Founder-specific approach
While loneliness is a near-universal part of the founder’s journey, it need not be a source of weakness or shame. Acknowledging vulnerability, building resilience, and seeking wisdom are signs of real leadership. By making connection, self-care, and meaning central, founders equip themselves not only to survive but to thrive with purpose. An integrated yogic approach, including asanas (physical postures), pranayama (breathwork), meditation, and group activity, reduces loneliness by strengthening mind-body awareness, boosting self-compassion, and improving emotional balance. While meditation and yoga calm the mind and body, sangha and seva build external connections, Ayurveda nurtures physical health, and Vedanta reframes your worldview. Together, they create a robust framework to combat isolation while enhancing focus and resilience, the key to entrepreneurial success.
A workbook that keeps me emotionally strong
When feeling overwhelmed, I try a 5-minute “emergency meditation” during a break. Closing your eyes, breathing deeply, and visualising your startup’s mission as a source of purpose reconnects you to your “why,” easing existential loneliness.
I do a 10-minute yoga flow during lunch breaks to break the monotony of work. This could be just simple chair yoga. Pair with music or affirmations like “I am connected to my purpose” to reinforce emotional grounding.
Incorporating a spiritual element, like reading a short passage from the Upanishads or Bhagavad Gita (e.g., Chapter 2 on resilience), sparks deeper thinking for me, aligning with Sangha’s focus on truth and connection.

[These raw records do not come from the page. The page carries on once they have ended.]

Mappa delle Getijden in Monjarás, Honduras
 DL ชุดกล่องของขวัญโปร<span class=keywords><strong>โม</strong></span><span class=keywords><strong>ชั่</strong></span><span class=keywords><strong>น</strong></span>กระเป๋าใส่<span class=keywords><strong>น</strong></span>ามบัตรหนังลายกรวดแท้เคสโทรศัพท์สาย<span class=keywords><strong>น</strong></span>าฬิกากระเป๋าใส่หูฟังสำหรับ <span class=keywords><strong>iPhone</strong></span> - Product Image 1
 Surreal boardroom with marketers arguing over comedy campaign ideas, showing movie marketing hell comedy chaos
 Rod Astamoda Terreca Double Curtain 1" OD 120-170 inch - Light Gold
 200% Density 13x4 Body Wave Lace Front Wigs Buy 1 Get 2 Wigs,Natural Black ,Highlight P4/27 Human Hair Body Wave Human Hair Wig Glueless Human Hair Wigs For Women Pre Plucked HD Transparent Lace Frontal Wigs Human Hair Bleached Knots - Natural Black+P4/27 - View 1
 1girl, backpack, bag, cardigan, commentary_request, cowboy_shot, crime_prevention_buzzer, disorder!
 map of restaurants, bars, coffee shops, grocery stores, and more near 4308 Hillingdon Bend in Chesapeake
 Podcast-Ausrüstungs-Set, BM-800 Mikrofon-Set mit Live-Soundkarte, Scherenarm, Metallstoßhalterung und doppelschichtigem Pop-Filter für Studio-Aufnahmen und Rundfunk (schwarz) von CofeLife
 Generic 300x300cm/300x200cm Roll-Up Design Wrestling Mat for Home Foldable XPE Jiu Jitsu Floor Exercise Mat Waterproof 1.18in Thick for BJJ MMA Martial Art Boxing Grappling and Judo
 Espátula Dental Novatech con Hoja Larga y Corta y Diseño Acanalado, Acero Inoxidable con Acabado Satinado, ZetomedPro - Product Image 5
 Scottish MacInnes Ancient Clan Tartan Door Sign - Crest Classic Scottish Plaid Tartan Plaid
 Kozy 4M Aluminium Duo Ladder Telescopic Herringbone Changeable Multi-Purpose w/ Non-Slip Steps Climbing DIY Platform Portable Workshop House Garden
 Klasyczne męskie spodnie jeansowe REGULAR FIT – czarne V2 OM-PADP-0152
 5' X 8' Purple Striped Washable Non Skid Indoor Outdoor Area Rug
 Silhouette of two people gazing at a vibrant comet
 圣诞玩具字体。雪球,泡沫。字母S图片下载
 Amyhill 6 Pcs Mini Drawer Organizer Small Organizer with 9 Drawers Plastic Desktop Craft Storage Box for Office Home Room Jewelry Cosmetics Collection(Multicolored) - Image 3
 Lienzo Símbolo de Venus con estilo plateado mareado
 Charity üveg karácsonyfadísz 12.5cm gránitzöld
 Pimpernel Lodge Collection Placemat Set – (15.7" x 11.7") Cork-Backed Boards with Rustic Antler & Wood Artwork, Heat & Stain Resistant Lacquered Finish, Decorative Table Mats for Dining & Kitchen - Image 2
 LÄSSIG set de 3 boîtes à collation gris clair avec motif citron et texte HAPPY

I also look for tech ‘seva’, aligning with my skills. If you’re a tech founder, help a local school set up a website. This creates impact without draining your schedule. Reflect post-seva on how it felt to give without expectation, a core Vedantic principle.
Journaling questions like “How did this act connect me to others?” deepens the experience. When I am down, I try to think of and write down things that connect me to the world (e.g., customers impacted, team members, nature). This reminds me of interdependence. Further
practice of Neti Neti (not this, not that) meditation helps me reject fleeting identities (I am not my startup, I am not my stress) to rest in pure awareness. This takes no more than 10 to 15 minutes, but has proved transformative for me over time.
Jonathan Hefter, who started Neverware, was quoted in Business Insider, saying, "Starting Neverware as a sole founder was the most isolating experience of my life. Long before I had successes to share, I had failures that could only be called my own." This is the reality for all founders, but not their fate.
Remember, the journey of a founder may be lonely, but it need not be the ‘only’.